Anse Quitor and Francois Leguat Tortoise Park

By Kim Lengel, Vice President of Conservation and Education

Thursday was another full day. We wanted to take maximum advantage of our short time on Rodrigues.  Today we are visiting Anse Quitor and Francois Leguat Tortoise Park.  Anse Quitor is the other nature reserve on Rodrigues.  It is in very different habitat than Grande Montagne.  It’s situated near the airport on the “coral plain” - an area of old coral reef that through geologic history has become raised and is now land.  It is dryer and hotter here than the main part of the island which is an extinct volcano.  Andrea and her team are also removing invasive plants and reforesting Anse Quitor. This site is more challenging, in some ways, than Grand Montagne.  While it’s generally easier to access – no cliff faces to deal with – because it’s so dry and because wandering domestic animals are more of a problem, reforestation is slower going here.  This area is probably where many of Rodrigues’ giant tortoises lived and many of the endemic plants show co-evolutionary traits.  The lower leaves on the plants – where they would have been browsed on by giant tortoises – are much smaller and underdeveloped so that they attracted little attention from the grazing reptiles.   Beyond the reach of tortoise mouths, the leaves  are full and green. 
 
Speaking of tortoises, that’s where we were headed next – a private tortoise park.  The park is home to A LOT of tortoises – giant Aldabra tortoises, radiated tortoises, and others.
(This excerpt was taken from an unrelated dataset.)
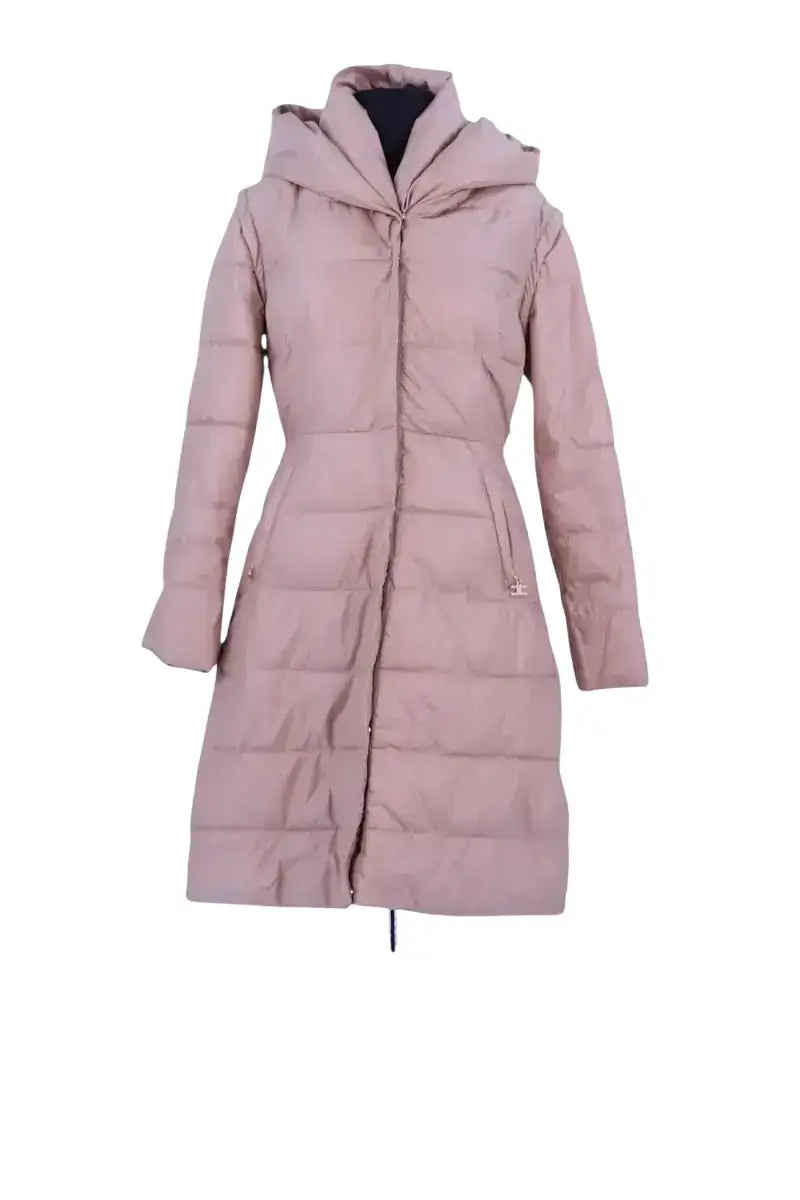 Doudoune Elisabetta Franchi Beige en Synthétique, taille L - Seconde Main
The habitat and perfect for tortoises and they are thriving - reproducing successfully.  Forestry and MWF are monitoring this success closely with thoughts of eventually introducing a species of giant tortoise to part of Rodrigues.  On Mauritius, this has already been done with good success on one of the coastal island nature reserves that used to be home to its own endemic species of giant tortoise.
 
On our way back to Pt. Mathurin from the eastern side of the island, we stopped at the airport to pick up Vikash Tatayah, head of Conservation for MWF, and an accompanying French film crew here to film the wildlife of Rodrigues – particularly the bats.  Vikash started with MWF when he was a student and completed his Ph.D. while working fulltime at MWF.  No small accomplishment! As a result of his tenure and academic background, Vikash is the expert on the flora and fauna of Rodrigues and Mauritius. And equally important for us, he is also well known by government officials in Mauritius’ National Parks and Conservation Service and Rodrigues’ Commission for the Environment.  Vikash was crucial to connecting us with the right people to talk to in order to get permission to and permits to export bats and spiders.
 
After a nice lunch with some of the staff from MWF, two of which – Sweety and Harel – I knew from my previous visit to Rodrigues in 2002 – we left to visit an old friend from my first trip to Rodrigues – Richard Payendee. When I lived on Rodrigues in 1995, Richard was the sole representative of MWF on the island.  Almost 20 years later, he has been elected as Commissioner of the Environment – the top environmental position on Rodrigues.  He was all decked out in business dress and sitting in an official office but to me he was still the same Richard who befriended and helped me so much in 1995.  It was great to visit with him.
 
We then headed to see bats!! Finally. We’d been on Rodrigues for two days and while I’d seen many bats flying at a distance and heard them in the garden of our guest house, I was itching to get up close with them. Andrea took us to a huge roost in the valley of Acacia. We took a 4X4 truck up a steep track until we found a place where we could view into the valley below. It was teeming with bats and because it was approaching dusk, they were becoming increasingly active – flying in and out of the trees and even right over our heads as they headed out to forage for the night.  Tim and I were entranced. After years of working with these bats in the Zoo, it is absolutely stunning to see them flying around at such close proximity. I was once again awestruck by how many bats there are now!  This species has made a great comeback.  Finally, as it got really dark, we had to abandon our bat-watching and return to our guest house for our last night.  We have a morning flight tomorrow.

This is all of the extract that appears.